### DIRECTIONS:
Collect all lines below with the string "available".

(Records drawn from a dataset)

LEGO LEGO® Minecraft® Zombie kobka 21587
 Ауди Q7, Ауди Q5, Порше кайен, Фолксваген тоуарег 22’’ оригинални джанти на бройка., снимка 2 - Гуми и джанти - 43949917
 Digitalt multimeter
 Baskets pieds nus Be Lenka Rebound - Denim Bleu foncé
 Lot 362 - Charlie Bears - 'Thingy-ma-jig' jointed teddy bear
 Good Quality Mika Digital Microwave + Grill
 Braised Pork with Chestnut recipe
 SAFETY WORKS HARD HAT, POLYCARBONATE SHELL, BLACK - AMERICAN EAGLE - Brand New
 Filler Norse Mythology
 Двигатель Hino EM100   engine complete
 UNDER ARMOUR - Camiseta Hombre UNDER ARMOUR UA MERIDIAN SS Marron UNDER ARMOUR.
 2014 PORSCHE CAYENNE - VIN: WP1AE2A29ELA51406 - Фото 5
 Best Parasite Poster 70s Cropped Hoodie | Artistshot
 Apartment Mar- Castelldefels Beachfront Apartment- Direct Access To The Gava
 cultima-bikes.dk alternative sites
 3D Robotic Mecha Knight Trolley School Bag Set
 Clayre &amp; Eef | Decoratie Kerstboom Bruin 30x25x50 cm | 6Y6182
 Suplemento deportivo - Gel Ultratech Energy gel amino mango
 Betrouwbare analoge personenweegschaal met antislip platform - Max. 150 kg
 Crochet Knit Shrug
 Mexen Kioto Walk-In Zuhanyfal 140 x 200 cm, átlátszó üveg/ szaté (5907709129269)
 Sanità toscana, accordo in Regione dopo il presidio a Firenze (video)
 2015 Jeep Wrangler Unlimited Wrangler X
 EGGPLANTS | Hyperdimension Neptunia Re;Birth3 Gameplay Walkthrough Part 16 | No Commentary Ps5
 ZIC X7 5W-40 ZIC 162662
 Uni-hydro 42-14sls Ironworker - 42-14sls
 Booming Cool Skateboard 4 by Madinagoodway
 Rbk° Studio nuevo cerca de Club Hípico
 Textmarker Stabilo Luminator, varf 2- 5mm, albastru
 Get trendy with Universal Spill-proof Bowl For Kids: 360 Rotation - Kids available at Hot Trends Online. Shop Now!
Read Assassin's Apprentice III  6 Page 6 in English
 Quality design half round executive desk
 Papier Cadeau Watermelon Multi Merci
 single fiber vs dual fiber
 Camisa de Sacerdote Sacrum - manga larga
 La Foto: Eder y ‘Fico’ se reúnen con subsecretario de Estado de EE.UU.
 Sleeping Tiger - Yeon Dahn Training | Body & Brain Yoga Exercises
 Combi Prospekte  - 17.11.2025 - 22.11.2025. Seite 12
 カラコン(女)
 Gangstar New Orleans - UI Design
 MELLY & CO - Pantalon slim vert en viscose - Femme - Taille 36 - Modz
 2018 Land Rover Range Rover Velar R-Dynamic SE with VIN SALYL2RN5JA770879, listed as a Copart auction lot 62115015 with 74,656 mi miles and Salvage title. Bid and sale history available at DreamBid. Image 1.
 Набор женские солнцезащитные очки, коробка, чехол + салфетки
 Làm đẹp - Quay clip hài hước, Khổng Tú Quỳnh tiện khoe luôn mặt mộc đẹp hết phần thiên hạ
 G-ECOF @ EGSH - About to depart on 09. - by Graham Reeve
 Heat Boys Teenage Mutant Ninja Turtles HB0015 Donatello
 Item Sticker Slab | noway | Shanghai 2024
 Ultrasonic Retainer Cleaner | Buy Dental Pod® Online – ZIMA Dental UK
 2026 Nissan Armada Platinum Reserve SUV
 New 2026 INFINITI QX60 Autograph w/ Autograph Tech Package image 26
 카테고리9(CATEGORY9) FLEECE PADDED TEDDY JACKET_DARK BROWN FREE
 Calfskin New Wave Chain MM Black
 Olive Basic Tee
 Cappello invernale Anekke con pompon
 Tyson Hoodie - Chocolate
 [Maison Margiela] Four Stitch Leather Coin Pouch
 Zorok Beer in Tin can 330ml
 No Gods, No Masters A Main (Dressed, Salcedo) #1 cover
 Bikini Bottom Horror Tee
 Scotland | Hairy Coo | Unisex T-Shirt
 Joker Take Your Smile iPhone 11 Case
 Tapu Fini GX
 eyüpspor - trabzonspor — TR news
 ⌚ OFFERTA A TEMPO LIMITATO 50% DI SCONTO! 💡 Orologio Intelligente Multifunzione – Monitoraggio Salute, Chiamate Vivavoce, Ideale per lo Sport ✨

### SOLUTION FOR THIS TASK:
 Get trendy with Universal Spill-proof Bowl For Kids: 360 Rotation - Kids available at Hot Trends Online. Shop Now!
 2018 Land Rover Range Rover Velar R-Dynamic SE with VIN SALYL2RN5JA770879, listed as a Copart auction lot 62115015 with 74,656 mi miles and Salvage title. Bid and sale history available at DreamBid. Image 1.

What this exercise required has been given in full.